= Net register tonnage =

Unit of volume for cargo capacity of a ship

Net register tonnage (NRT, nrt, n.r.t.) is a ship's cargo volume capacity expressed in "register tons", one of which equals a volume of 100 cuft. It is calculated by subtracting non-revenue-earning spaces i.e. spaces not available for carrying cargo, for example engine rooms, fuel tanks and crew quarters, from the ship's gross register tonnage. Net tonnage is thus used in situations where a vessel's earning capacity is important, rather than its mere size. Net register tonnage is not a measure of the weight of the ship or its cargo, and should not be confused with terms such as deadweight tonnage or displacement.

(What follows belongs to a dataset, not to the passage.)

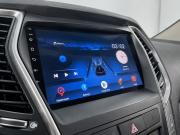 Hyundai Santa Fe III Уфа  - изображение 29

Gross and net register tonnages were replaced by gross tonnage and net tonnage, respectively, when the International Maritime Organization (IMO) adopted The International Convention on Tonnage Measurement of Ships on 23 June 1969. The new tonnage regulations entered into force for all new ships on 18 July 1982, but existing vessels were given a migration period of 12 years to ensure that ships were given reasonable economic safeguards since port and other dues are charged according to ship's tonnage. Since 18 July 1994, the gross and the net tonnages, dimensionless indices calculated from the total moulded volume of the ship and its cargo spaces by mathematical formulae, have been the only official measures of the ship's tonnage. However, the gross and the net register tonnages are still widely used in describing older ships.